More searches can make the answer worse

The behavioral analysis shows why tool use alone is not enough. Agents that searched first and then asked a follow-up question, labeled “SearchThenAsk,” averaged a 93.4 percent success rate at ambiguous checkpoints. Agents that guessed without asking, labeled “DirectGuess,” fell to 56.5 percent.

The weakest pattern was repeated searching followed by a guess. This “SearchHeavyGuess” behavior averaged 51.9 percent. According to the authors, repeated search can indicate that the model has noticed uncertainty, but has not converted that uncertainty into a user interaction.

This helps explain why more tool calls do not automatically lead to better research. Claude Opus 4.7 searches more often than most other tested models, yet trails Gemini 3.1 Pro and Doubao Seed 2.0 Pro in accuracy. The missing step is not another query; it is the right clarifying question.

Future search agents need interaction, not just retrieval

The benchmark also shows that stored model knowledge is not enough. Without search tools, Doubao Seed 2.0 Pro drops from 43.1 to 2.4 percent, while Gemini 3.1 Pro drops from 40.8 to 19.9 percent. DiscoBench depends on active search, but search alone still does not solve the ambiguity problem.

When ambiguity is removed from the questions, model accuracy rises by 26.8 to 40.2 points, depending on the model.
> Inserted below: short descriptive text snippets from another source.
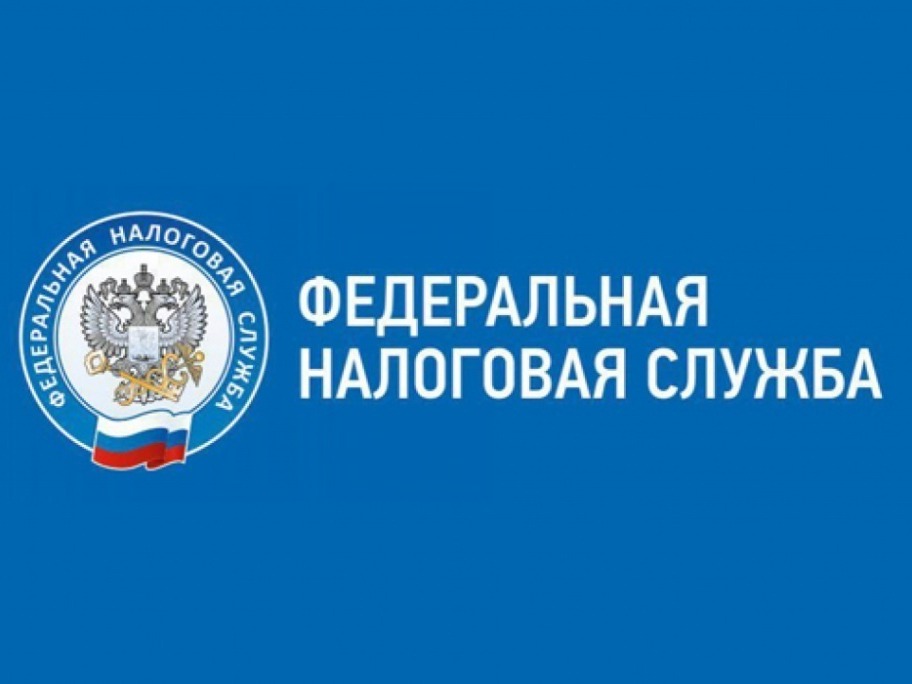 Как проверить и уплатить задолженность по налогам.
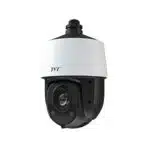 دوربین مداربسته اسپید دام شبکه TD-8423IS(PE/25M/AR15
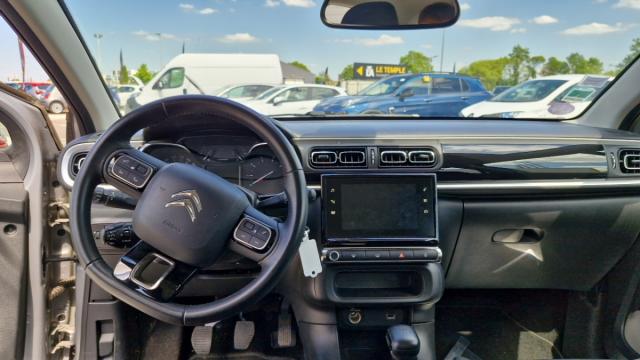 Citroen C3 image 3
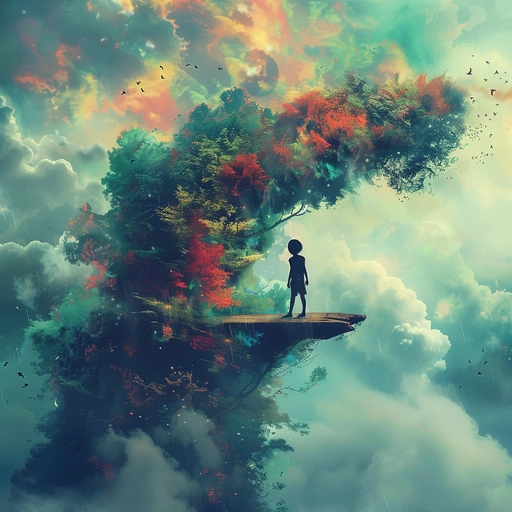 emotional sad tiktok pfp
That makes the practical lesson straightforward: the next generation of AI search agents needs mechanisms that turn uncertainty into interaction with the user.

Other recent work points in the same direction. On LiveBrowseComp, where facts sit beyond the knowledge cutoff, all systems dropped by 25 to 40 points. Halluhard showed that Claude Opus 4.5 with web search hallucinates in about 30 percent of cases, mainly while checking cited source content.

Different labs are already trying related approaches. Claude Opus 4.8 is supposed to flag uncertainties more often and leaves bugs in its own code uncommented about four times less frequently than its predecessor. Perplexity is testing Search as Code, which lets models write search workflows as Python programs instead of using a prebuilt API.

DiscoBench makes the central issue plain: a capable research agent must know when the available evidence is insufficient. The most useful system is not the one that searches the most, but the one that recognizes when a human answer is needed before the next search begins.